There’s agorgeously detailed style and design at work here; human characters have a paper doll movement and aesthetic, and each new beast you encounter manages to up the stakes in a game of bizarre crossbreed roulette. This two-dimensional set dressing is unfortunately an indirect cause of a number of gameplay issues. The isometric presentation angles means you’ll head behind a building and lose sight of what’s behind there, as while the game engine valiantly tries to remember to render that object see-through for you, it’s not alway the case. Sometimes this even resulted in the screen freezing and all assets flickering in and out when there were too many moving parts on the screen at the same time — or even just using a souped-up weapon of your own.
Engaging in combat is a sluggish and unresponsive old-school affair, especially in the early game where you’ll have to strike, retreat, and strike again multiple times to whittle away the health bar of even the smallest enemy. The view doesn’t help either, as the use of flat sprites in a three-dimensional setting obscures your position in relation to other entities. Hitboxes aren’t overly precise as long as you’re on the same ‘line’ as your target, but your ability to capitalise on that is sent packing by the looseness of how your placement appears to you.

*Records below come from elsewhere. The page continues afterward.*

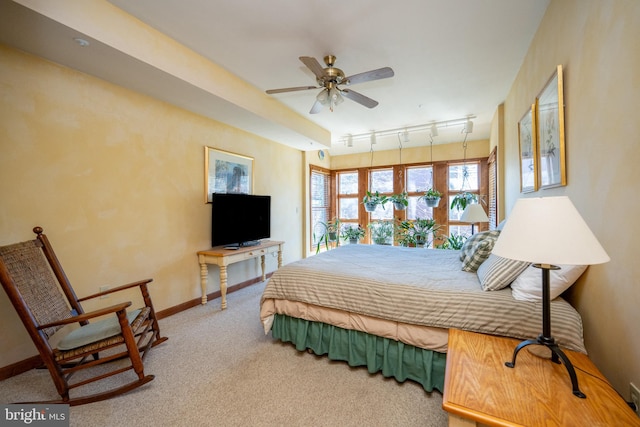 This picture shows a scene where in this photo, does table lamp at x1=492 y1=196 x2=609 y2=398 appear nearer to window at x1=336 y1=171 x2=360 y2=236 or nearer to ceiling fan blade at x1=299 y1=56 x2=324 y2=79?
ceiling fan blade at x1=299 y1=56 x2=324 y2=79

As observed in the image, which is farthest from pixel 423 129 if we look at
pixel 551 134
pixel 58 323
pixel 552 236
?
pixel 58 323

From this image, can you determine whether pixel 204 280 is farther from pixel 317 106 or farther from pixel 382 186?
pixel 382 186

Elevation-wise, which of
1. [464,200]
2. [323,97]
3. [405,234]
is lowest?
[405,234]

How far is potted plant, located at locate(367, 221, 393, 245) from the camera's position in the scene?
5527 millimetres

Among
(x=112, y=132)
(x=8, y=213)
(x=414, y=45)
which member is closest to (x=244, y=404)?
(x=8, y=213)

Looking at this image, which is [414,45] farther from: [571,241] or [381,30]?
[571,241]

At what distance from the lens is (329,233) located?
5973 mm

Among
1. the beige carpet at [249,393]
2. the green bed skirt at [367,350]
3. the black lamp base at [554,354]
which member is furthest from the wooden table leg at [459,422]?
the green bed skirt at [367,350]

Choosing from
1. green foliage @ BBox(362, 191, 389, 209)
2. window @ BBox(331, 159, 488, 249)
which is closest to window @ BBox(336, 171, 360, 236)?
window @ BBox(331, 159, 488, 249)

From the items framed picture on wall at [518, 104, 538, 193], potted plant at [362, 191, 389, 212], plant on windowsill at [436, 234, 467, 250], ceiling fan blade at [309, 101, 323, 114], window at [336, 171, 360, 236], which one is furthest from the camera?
window at [336, 171, 360, 236]

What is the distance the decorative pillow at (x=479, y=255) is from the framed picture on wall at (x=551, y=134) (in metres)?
0.57

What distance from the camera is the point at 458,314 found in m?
1.60

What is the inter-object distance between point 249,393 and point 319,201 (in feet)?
15.1

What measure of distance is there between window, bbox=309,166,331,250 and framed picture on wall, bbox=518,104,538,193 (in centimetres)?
377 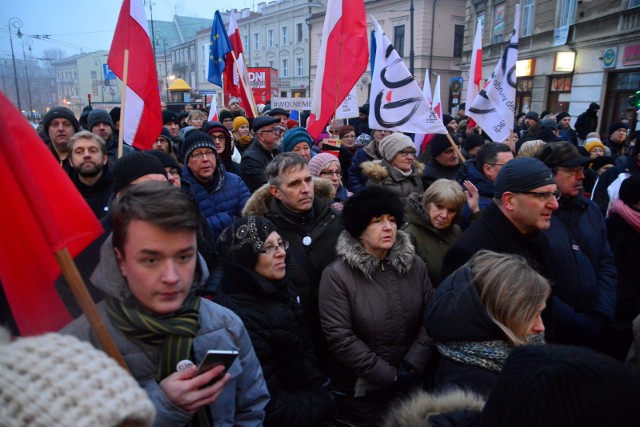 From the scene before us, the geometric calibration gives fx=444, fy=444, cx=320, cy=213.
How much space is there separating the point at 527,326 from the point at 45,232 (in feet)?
5.88

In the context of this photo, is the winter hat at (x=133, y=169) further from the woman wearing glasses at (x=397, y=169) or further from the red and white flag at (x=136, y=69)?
the woman wearing glasses at (x=397, y=169)

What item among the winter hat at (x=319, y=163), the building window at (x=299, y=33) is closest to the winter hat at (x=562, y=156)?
the winter hat at (x=319, y=163)

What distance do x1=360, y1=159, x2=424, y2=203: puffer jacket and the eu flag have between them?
4.46m

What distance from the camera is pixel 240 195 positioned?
4.05 metres

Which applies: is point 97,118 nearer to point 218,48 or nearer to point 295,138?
point 295,138

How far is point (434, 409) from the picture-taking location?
4.70ft

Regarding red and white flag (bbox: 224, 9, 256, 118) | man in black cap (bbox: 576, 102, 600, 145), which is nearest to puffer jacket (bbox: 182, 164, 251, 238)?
red and white flag (bbox: 224, 9, 256, 118)

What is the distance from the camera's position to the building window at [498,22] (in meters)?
21.7

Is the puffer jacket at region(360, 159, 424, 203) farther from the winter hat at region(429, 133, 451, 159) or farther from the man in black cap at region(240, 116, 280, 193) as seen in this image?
the man in black cap at region(240, 116, 280, 193)

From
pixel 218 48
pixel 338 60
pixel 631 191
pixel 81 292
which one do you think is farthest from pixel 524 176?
pixel 218 48

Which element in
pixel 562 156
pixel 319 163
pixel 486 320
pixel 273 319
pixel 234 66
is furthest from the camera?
pixel 234 66

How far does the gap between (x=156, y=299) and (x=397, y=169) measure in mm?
3549

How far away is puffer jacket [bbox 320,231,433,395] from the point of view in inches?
103

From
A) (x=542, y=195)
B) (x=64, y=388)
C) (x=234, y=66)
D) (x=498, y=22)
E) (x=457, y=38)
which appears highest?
(x=457, y=38) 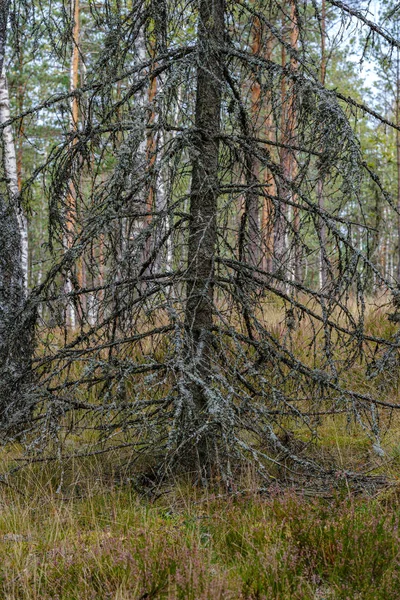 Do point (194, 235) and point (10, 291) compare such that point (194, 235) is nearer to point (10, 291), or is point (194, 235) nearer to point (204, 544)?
point (204, 544)

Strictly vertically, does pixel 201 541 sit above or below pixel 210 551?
below

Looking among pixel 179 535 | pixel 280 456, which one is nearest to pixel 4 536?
pixel 179 535

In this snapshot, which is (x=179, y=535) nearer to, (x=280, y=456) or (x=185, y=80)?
→ (x=280, y=456)

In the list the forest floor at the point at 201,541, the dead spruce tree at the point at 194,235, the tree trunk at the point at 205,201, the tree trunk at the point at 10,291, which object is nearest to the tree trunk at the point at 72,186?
the dead spruce tree at the point at 194,235

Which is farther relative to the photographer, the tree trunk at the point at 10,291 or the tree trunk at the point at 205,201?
the tree trunk at the point at 10,291

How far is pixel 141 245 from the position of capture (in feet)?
12.0

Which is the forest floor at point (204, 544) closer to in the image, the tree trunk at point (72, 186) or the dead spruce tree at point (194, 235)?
the dead spruce tree at point (194, 235)

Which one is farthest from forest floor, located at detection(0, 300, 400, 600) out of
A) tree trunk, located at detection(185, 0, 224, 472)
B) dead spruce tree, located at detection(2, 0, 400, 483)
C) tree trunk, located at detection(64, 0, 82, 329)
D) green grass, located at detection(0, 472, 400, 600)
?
tree trunk, located at detection(64, 0, 82, 329)

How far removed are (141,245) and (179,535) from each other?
6.05 feet

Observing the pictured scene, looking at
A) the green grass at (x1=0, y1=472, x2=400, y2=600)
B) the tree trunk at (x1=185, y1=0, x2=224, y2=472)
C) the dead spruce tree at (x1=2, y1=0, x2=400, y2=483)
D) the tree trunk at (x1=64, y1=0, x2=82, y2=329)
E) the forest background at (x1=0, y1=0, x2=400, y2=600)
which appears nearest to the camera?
the green grass at (x1=0, y1=472, x2=400, y2=600)

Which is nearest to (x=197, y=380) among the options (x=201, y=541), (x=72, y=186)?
(x=201, y=541)

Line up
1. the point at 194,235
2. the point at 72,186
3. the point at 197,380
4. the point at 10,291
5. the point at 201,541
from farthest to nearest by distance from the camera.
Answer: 1. the point at 72,186
2. the point at 10,291
3. the point at 194,235
4. the point at 197,380
5. the point at 201,541

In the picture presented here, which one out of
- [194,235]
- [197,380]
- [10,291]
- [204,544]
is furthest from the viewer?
[10,291]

On more than one occasion I invested a number of resources and power-ups into battling a ferocious Porkupine (my favourite design of the game, a gigantic spine-shooting boar), only to have it disappear when a dodged charge attack took them off-screen and away from me. A minute or two later they would respawn — along with their full lifebar. It’s a bug like this which can turn the resource gathering into a chore, as I once again had to trek back to find an ingredient indigenous to a specific terrain in order to replenish my spent items.
During my playthrough of Smoke and Sacrifice, in the first couple of areas I generally settled into a relaxing cycle of gathering, crafting, and story progression. It’s a quiet and pleasant experience, and you’re rarely forced into overly action-heavy or time-sensitive situations, as long as you have a few fireflies to keep the purple smoke at bay. Despite the core gathering and crafting systems, along with the day/night cycle, being so well implemented, other elements such as combat — which you’ll spend just as much time focusing on in the later game — don’t hold up.
Smoke and Sacrifice has a simple but intriguing storyline, and its critique of the roles religion and economy play in social control are well applied in this fantastical setting. Whereas the early game delighted with its emphasis on the use of crafting resources and interacting with new characters, the later sections of the game suffered as I couldn’t unsee the stunted combat, graphical shortcomings, and a by-the-numbers approach to its environments. It’s an agreeable, often charming game, but lacks the consistency in the design and the polish in the execution to achieve the potential of Solarsail Games’ vision.